Like many countries, Chile has been experiencing an influx of immigrants in recent years. In 1990, immigrants made up just 1% of the country's population, according to a report last year from the Migration Policy Institute (MPI). By 2020, 1.5 million immigrants in Chile accounted for nearly 9% of the country's population. That year, the majority of these individuals traveled from Venezuela, Haiti and Peru.

Chileans have responded by installing electric fences, buying security dogs and passing laws that tighten immigration. One piece of legislation enacted in April 2021 "adopts the language of human rights protections but nonetheless enhances the government's power to expel migrants and restrict their access to protections," according to the MPI report.

Immigration may even be associated with reductions in certain types of crime.

Yet a recently published study in the American Economic Journal found "null effects" on crime from immigration, after pulling data from 2008 to 2017 from official databases on immigration, homicide and victimization surveys. "Our results suggest that while immigration does not increase crime in equilibrium, it does trigger crime-related concerns and behavioral reactions among the population," the authors wrote. The research, led by Nicolas Ajzenman, an economics professor at McGill University, found that people who live in areas with more immigrants were more likely to rank crime as their biggest concern.

"Yet, we find no effect of immigration on crime. We analyze all relevant crimes included in the survey — robbery, larceny, burglary, theft, assault and vehicle theft — as well as homicides and observe no significant effect for any of the individual types of crime or for total crime," Ajzenman and his coauthors wrote. Furthermore, it wasn't clear if behavioral responses, such as installing alarms, did anything to actually reduce crime.

This research is in line with numerous other studies that have reached similar conclusions, including one published last year in the journal Economic Research which looked at three decades of data from 30 countries covering 1988 to 2018. The economist authors reported that "no statistical evidence exists to relate an increase in the number of immigrants to the rise of any kind of crime. If there is we found a significant negative association between immigrants and only one of the six kinds of crime studied," which included homicide, serious assault, kidnapping, burglary, theft and car theft.

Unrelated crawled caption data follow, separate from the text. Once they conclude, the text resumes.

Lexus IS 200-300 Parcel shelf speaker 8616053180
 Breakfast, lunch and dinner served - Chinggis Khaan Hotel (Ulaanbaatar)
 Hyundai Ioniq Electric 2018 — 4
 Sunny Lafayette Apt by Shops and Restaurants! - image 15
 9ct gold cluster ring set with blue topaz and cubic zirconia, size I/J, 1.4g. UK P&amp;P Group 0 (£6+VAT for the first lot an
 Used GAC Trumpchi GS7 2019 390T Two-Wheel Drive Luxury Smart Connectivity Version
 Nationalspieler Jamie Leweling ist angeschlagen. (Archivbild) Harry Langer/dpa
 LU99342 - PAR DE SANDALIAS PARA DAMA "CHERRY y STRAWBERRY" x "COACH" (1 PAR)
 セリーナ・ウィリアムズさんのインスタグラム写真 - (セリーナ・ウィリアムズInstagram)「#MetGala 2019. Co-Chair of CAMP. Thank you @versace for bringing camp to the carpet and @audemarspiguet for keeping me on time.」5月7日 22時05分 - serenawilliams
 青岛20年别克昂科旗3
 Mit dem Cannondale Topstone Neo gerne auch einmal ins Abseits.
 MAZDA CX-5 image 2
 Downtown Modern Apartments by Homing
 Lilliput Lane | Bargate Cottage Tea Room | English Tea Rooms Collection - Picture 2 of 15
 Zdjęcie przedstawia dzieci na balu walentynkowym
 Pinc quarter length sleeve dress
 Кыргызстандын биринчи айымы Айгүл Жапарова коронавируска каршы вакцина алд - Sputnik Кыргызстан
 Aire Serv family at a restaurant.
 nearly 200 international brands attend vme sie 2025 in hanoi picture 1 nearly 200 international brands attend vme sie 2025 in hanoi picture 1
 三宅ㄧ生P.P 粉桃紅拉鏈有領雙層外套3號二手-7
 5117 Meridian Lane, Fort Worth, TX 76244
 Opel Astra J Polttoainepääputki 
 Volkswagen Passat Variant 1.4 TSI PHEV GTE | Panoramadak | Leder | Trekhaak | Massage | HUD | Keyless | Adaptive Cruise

The authors reached this conclusion by looking at data from the United Nations Office on Crime and Drugs, which collects statistics related to criminal justice and world development. It covered countries including Australia, Austria, Chile, France, Japan, Mexico, South Korea, Spain and the US. None of them experienced an increase in crime over that period from immigrants. That isn't to say that immigrants never commit crimes — only that the level of "delinquency," as the authors put it, isn't outside the normal rate for any group of humans.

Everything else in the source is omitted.